→ **PROBLEM REQUIREMENTS**: When you have gone through the records below, state only how many lines include the word "with".

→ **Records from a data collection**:

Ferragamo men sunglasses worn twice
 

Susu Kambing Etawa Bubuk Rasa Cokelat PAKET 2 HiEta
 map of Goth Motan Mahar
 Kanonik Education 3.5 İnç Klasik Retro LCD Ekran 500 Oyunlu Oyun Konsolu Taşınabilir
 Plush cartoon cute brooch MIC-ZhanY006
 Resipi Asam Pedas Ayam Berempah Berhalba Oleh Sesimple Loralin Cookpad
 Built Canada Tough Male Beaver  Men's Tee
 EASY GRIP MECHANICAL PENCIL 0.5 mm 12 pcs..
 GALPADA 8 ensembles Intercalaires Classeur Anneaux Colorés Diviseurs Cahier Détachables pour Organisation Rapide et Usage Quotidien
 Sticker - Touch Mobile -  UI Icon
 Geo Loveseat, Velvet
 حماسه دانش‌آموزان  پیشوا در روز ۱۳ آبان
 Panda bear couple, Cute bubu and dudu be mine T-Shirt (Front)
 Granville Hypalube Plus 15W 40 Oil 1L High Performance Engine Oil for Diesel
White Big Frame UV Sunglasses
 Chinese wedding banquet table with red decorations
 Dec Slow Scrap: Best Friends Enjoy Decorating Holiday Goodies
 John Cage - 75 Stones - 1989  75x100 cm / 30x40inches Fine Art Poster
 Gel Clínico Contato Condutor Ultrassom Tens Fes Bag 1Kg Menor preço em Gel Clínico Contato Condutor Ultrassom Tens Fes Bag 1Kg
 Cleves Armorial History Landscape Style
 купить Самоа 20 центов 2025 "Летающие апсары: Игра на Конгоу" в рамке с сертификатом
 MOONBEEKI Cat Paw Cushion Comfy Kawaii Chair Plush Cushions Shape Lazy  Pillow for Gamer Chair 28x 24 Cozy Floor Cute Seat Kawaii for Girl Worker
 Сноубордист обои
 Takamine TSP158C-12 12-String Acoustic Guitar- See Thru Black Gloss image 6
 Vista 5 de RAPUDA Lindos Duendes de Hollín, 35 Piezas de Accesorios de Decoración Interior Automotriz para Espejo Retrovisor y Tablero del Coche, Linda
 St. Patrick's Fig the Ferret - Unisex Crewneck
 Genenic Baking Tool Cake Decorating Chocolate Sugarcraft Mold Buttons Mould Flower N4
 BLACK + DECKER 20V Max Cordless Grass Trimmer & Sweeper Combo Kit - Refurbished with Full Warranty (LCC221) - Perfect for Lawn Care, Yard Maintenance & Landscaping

→ **RESPONSE BOX**: 2